Two days ago I took a midday break from my home office to carry out a few errands the old-fashioned way: on foot. We live a kilometre away from a convenient stretch of shops and eateries, and I enjoy the walk. Somewhere between shopping for soap and picking up pencils I came to a major intersection, about to cross to the east, when I noticed a wad of discarded newspapers in the street, pages fluttering in the wind.
The traffic light was on my side, so I stepped into the street, scooped down and picked up the papers. A thin, scruffy-looking middle-aged man who was waiting to cross southward caught my eye: “Thank you,” he said. It was a nice gesture. I nodded to him before dumping the papers in a recycling receptacle a few metres away.
Of course by the time I returned to the corner, my opportunity to cross the street had passed. Scruffy approached me. “You know,” he said, “that for every good thing you do there’s a price to pay. You missed your light.”
“I don’t mind,” I assured him.
Then he did something that surprised me: He put his hand on my arm and said, beaming, “Well, thank you for doing that.”
Thus it was that when I turned back to wait for my light I was smiling. My mood was suddenly soaring. In my new Reader’s Digest article about why we’re nice, one of the psychologists I interviewed pointed out: “Thanking people is a good deed… just by saying thank you, you’re giving back.” It’s true, I was thinking now. I may be the person who picked up the papers, but it felt like I’d just been given something better.
A few seconds later I looked around. The intersection was empty of other pedestrians.

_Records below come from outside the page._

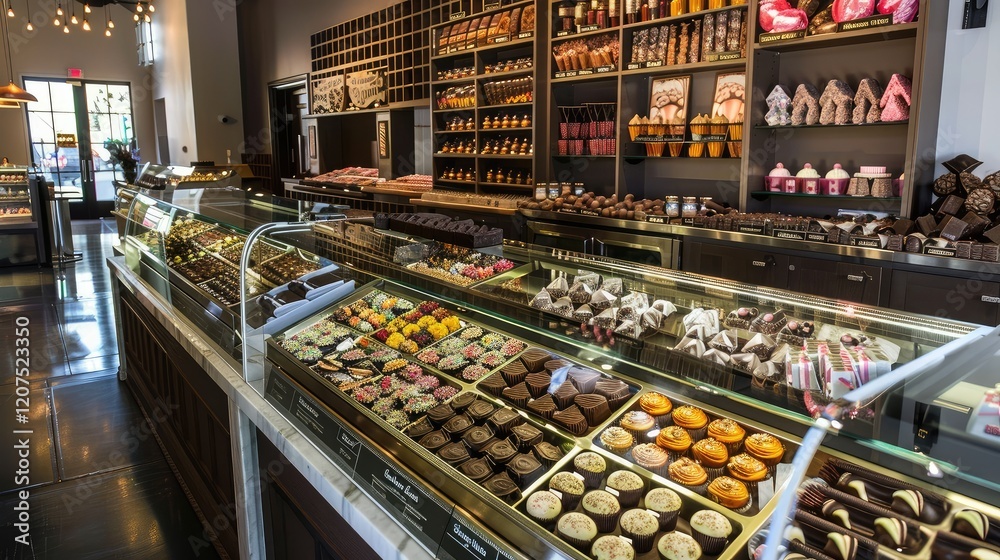 Fototapeta premium Luxurious Chocolate Shop Display with Assorted Confections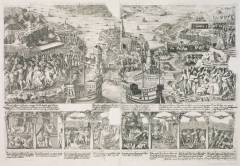 Blodbadsplanschen fra 1524 var et stykke propaganda bestilt av Gustav Vasa for å skildre danskenes forbrytelser mot adelen og Stockholms befolkning. Kilde: Wikipedia Blodbadsplanschen-anno 1524, Stockholm, Gamla Stan, gamlebyen, Unesco Verdensarv, Sverige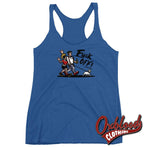 Lade das Bild in den Galerie-Viewer, Womens Punk &amp; Skinhead Dog Racerback Tank - Fuck Off Shirts Vintage Royal / Xs Top

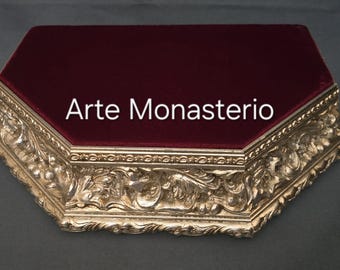 Authentic Spanish Wooden Peaña/Base Gilded in Silver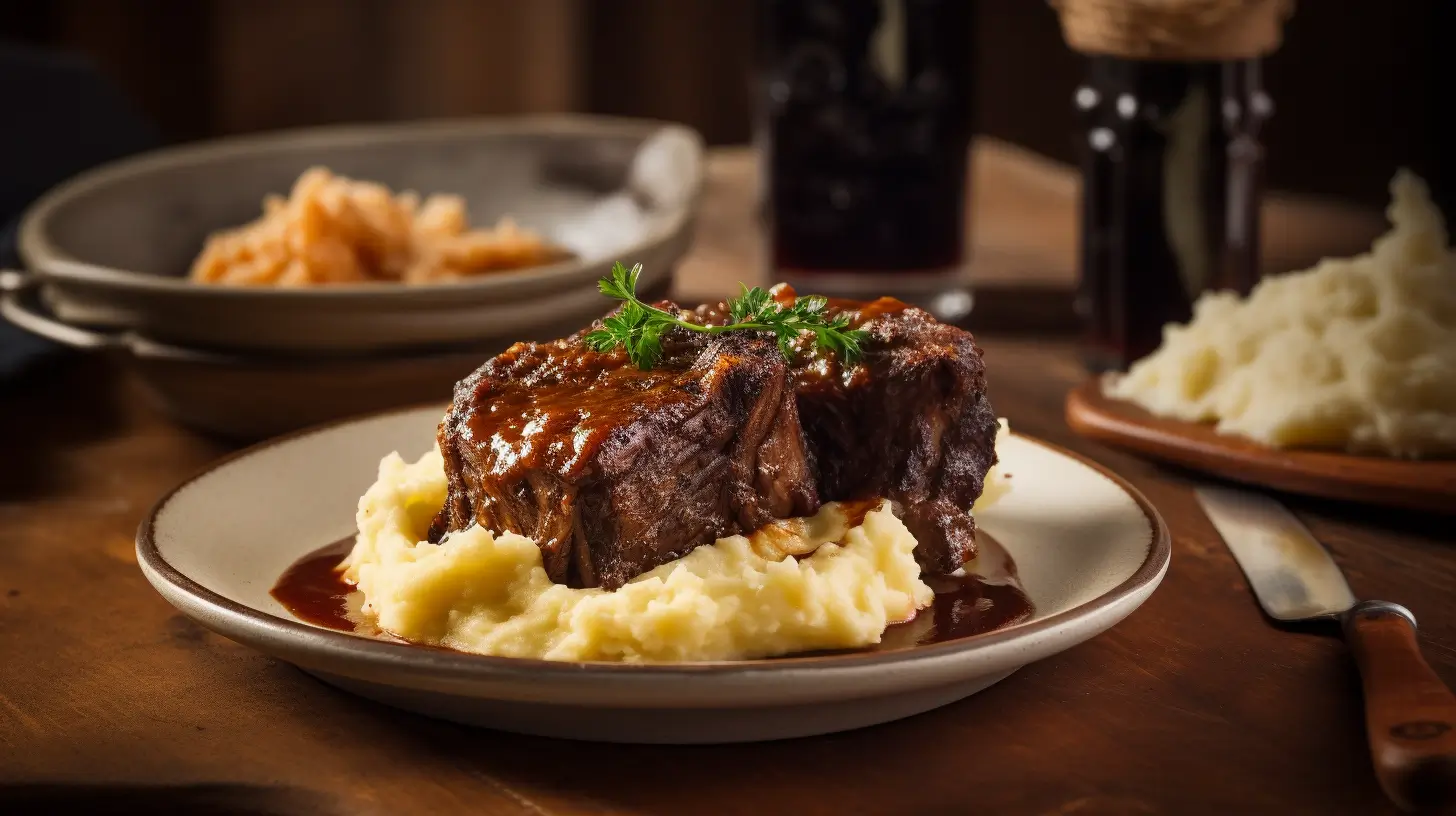 Slow-cooked beef spare ribs with BBQ sauce on a wooden plate.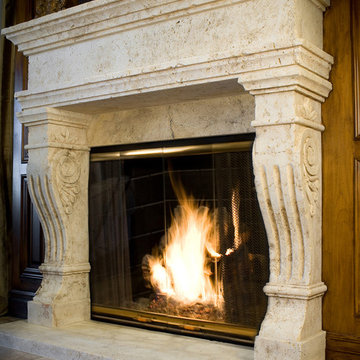 Newly Carved Living Room Fireplace Mantels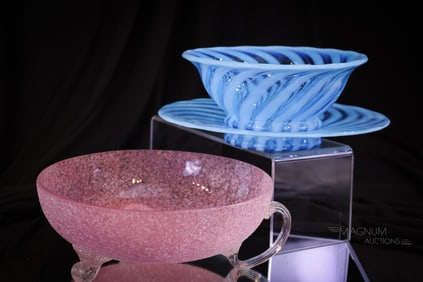 3 pc Lot Fenton Blue Opalescent Victorian Overshot Glass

Just like that, the man had vanished.
It was a bit of a freaky moment for someone who doesn’t exactly believe in angels. I contemplated this interesting turn of events for another couple of seconds – until Scruffy came back out of the video store across the street.
So chances are, he was probably just a regular mortal after all. But the fact remains, he managed to make my day with two little words.